However, there was sufficient evidence to establish the carrying away was accomplished by means of fear. "`Gaining possession or . . . carrying away includes forcing or frightening a victim into leaving the scene, as well as simply deterring a victim from preventing the theft or attempting to immediately reclaim the property. [Citations.]" (People v. Flynn, supra, 77 Cal.App.4th at p. 771; see also People v. Holt (1997) 15 Cal.4th 619, 671 [robbery may be accomplished by use of force or fear during the asportation element of the offense].) "When the perpetrator and victim remain in close proximity, a reasonable assumption is that, if not prevented from doing so, the victim will attempt to reclaim his or her property." (People v. Flynn, supra, at p. 772.) Thus, "the willful use of fear to retain property immediately after it has been taken from the owner constitutes robbery. So long as the perpetrator uses the victims fear to accomplish the retention of the property, it makes no difference whether the fear is generated by the perpetrators specific words or actions designed to frighten, or by the circumstances surrounding the taking itself." (Ibid.)

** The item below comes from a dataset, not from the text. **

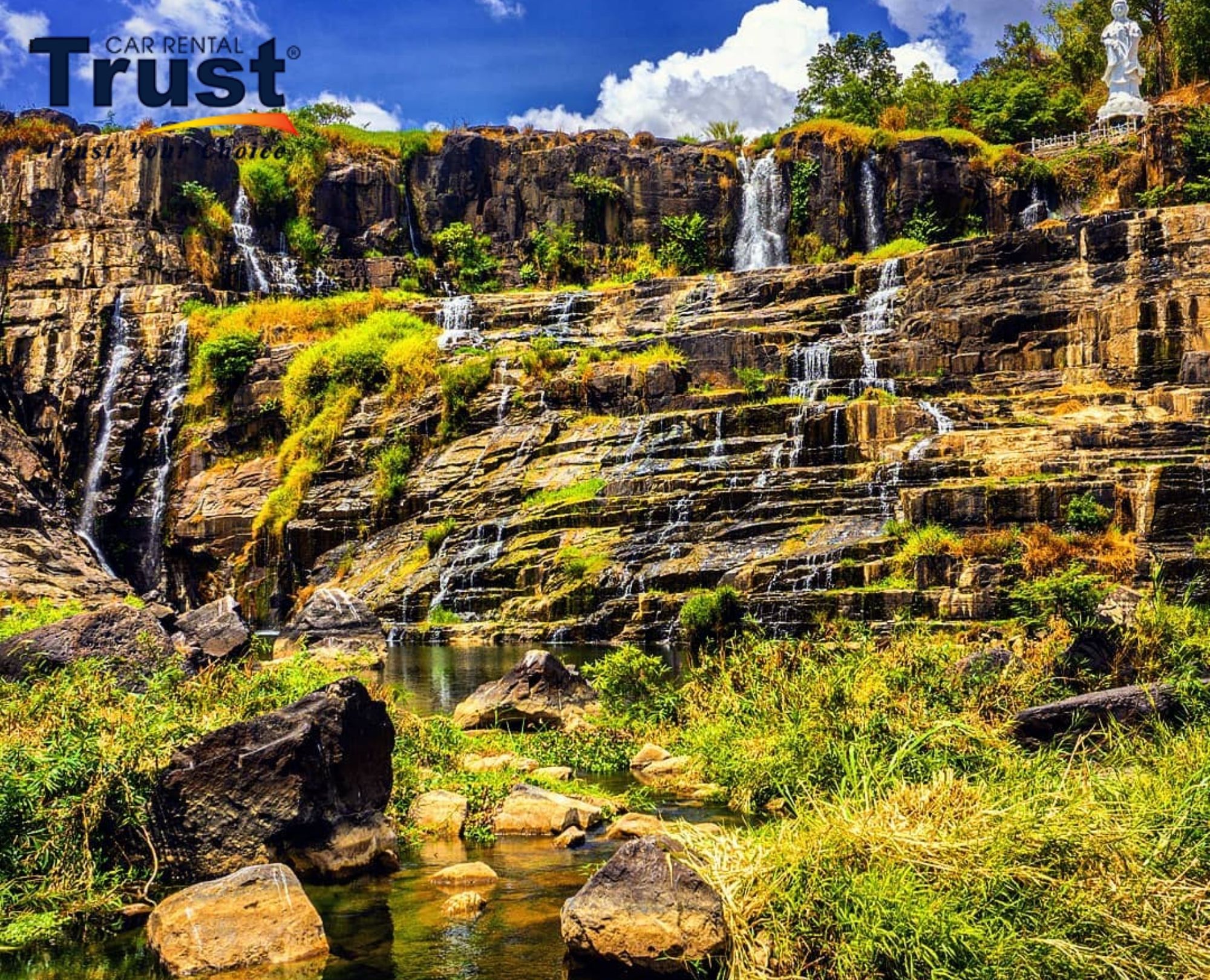 Experience the breathtaking landscape of Pongour Waterfall with our daily Dalat Waterfall tour
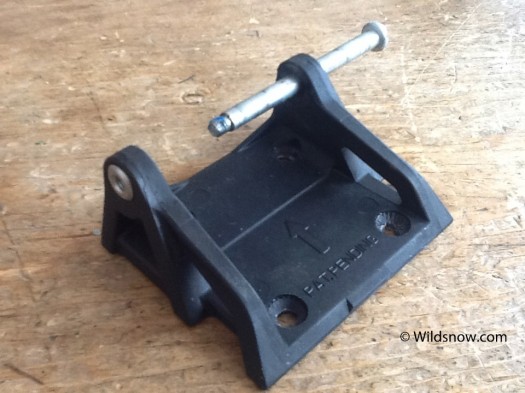 With increased use came a squeaking noise emanating from the binding. A quick dose of white lithium grease quieted the binding considerably. With increased use came a squeaking noise emanating from the binding. A quick dose of white lithium grease quieted the binding considerably.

Here, Jose G. did nothing to instill fear prior to the taking. However, he chose to remain at the scene, brazenly claiming ownership of the necklace and engaging in threatening conduct when Lopez attempted to regain his property. Jose G. asserts Lopezs purported fear in these circumstances was either unreasonable or nonexistent, arguing the evidence suggests his hands were at his waist to pull up his pants, and the approach by Lopez after the theft shows he was not afraid. In making these arguments, Jose G. is simply inviting us to reweigh the evidence; that, of course, is not the function of an appellate court. (People v. Culver (1973) 10 Cal.3d 542, 548; In re E.L.B. (1985) 172 Cal.App.3d 780, 788.) Only if a witnesss testimony is physically impossible or its falsity is apparent without resorting to inferences or deductions, will an appellate court reject the statements given by a witness who has been believed by a trial court. (People v. Thornton (1974) 11 Cal.3d 738, 754, disapproved on another ground in People v. Flannel (1979) 25 Cal.3d 668.) Lopezs testimony is not physically impossible or incredible. The robbery finding is supported by substantial evidence Jose G. took the necklace by fear.
Jose G. makes much of Lopezs need to pull up his own baggy pants during his in-court demonstration of the manner in which Jose G. appeared to be reaching for a gun.
DISPOSITION
The order is affirmed.
We concur:
JOHNSON, Acting P.J.
WOODS, J.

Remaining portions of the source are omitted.